PROBLEM DETAILS:
In the listing, locate the line containing "燃气灶错误打火方法的危害与正确使用技巧（避免燃气灶不正确打火的关键步骤）", then quote it and all following lines exactly. Omit pictures.
== Segment start ==
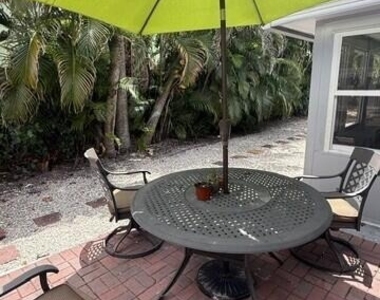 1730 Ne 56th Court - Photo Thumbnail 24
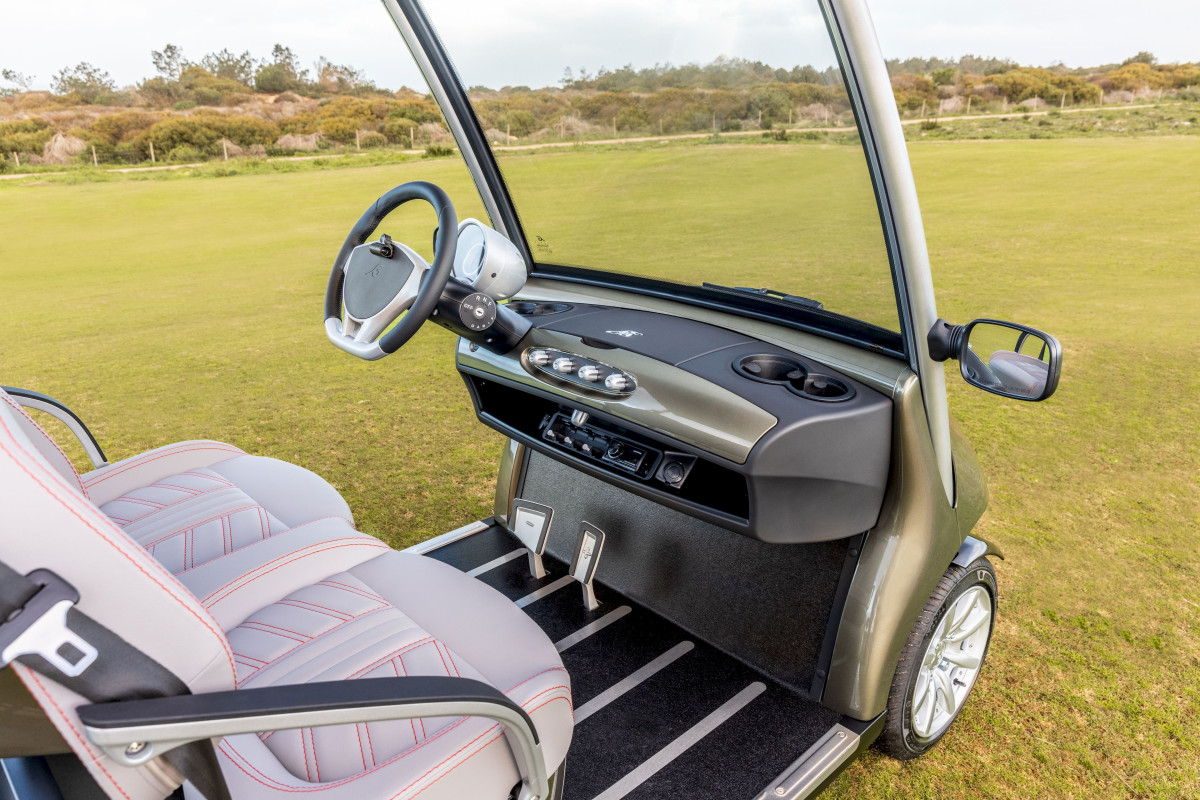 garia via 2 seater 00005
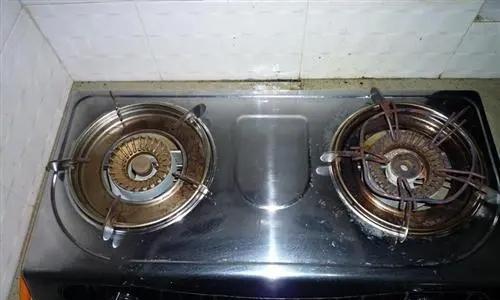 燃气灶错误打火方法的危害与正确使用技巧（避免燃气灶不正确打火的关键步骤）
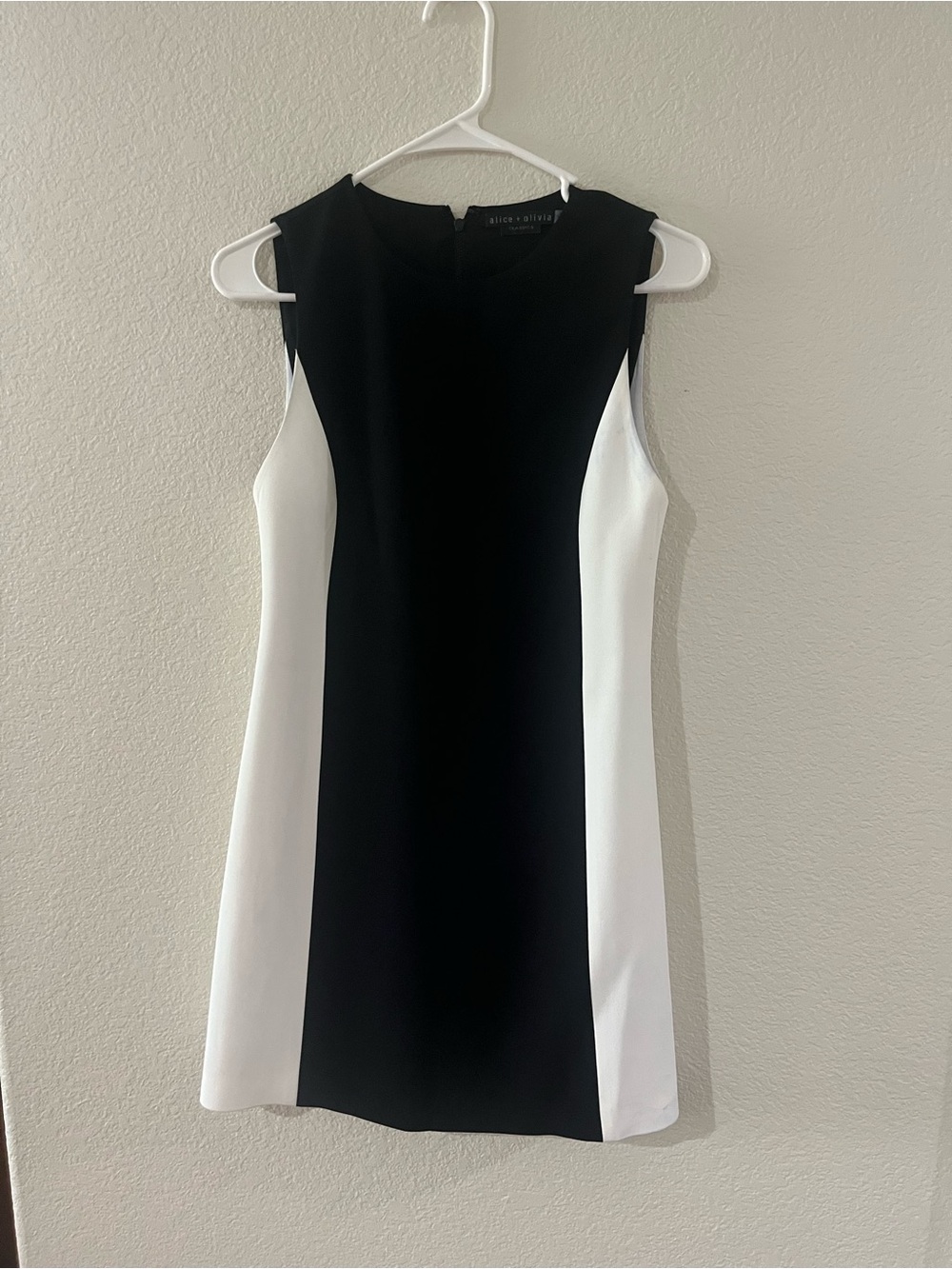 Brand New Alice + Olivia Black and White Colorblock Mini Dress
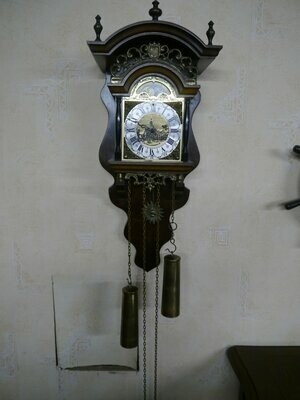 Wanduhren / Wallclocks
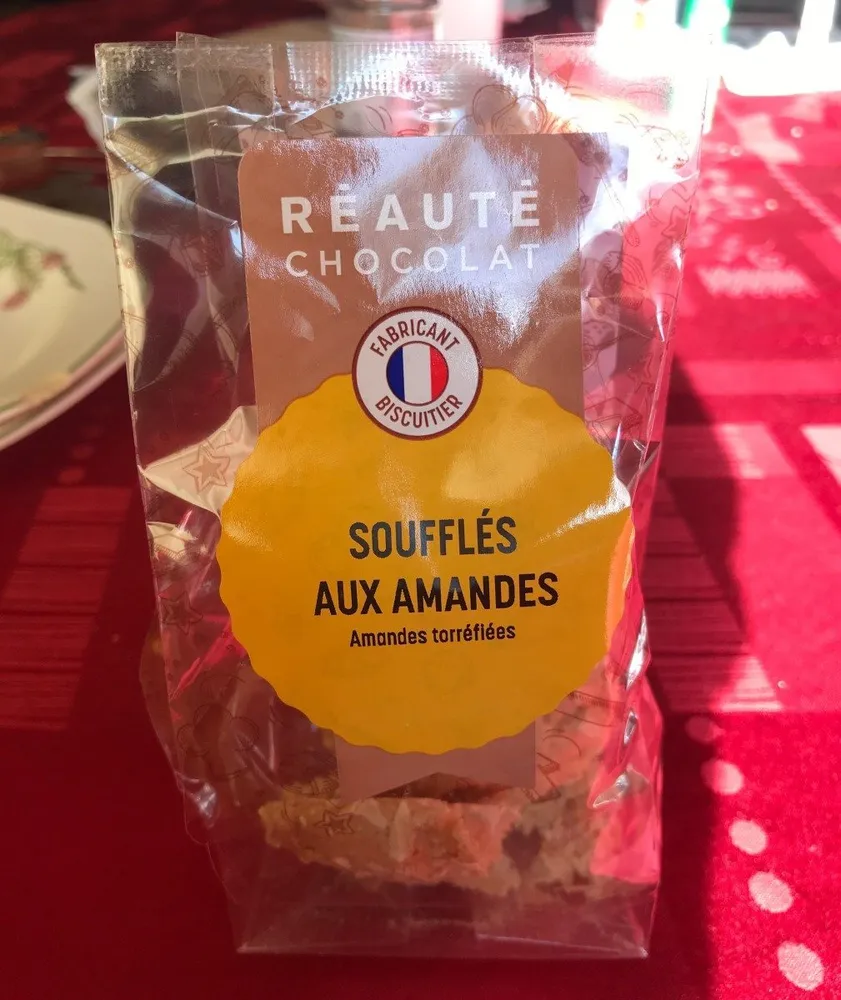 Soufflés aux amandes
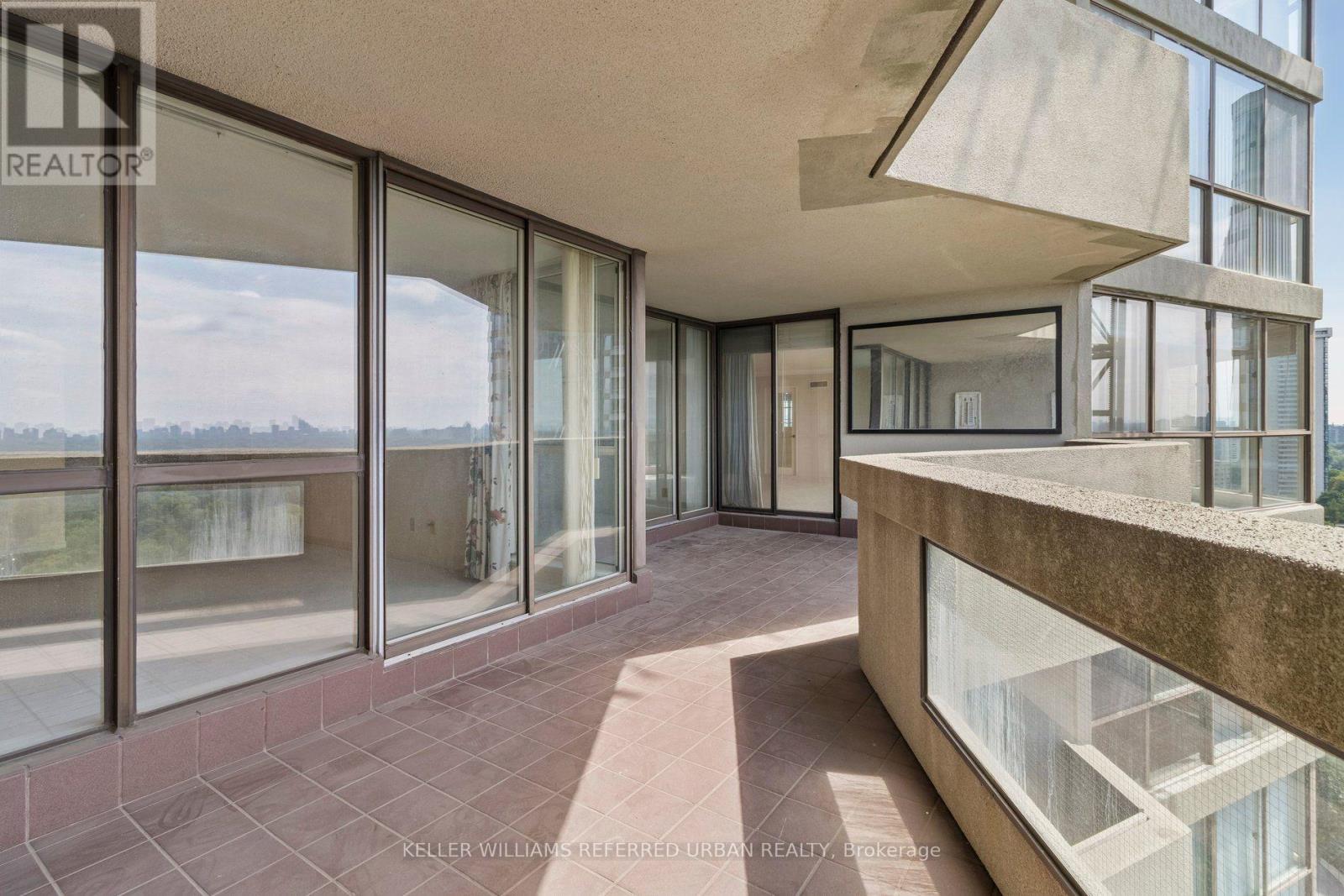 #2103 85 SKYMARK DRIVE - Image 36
== Segment end ==
ANSWER SECTION:
 燃气灶错误打火方法的危害与正确使用技巧（避免燃气灶不正确打火的关键步骤）
 Brand New Alice + Olivia Black and White Colorblock Mini Dress
 Wanduhren / Wallclocks
 Soufflés aux amandes
 #2103 85 SKYMARK DRIVE - Image 36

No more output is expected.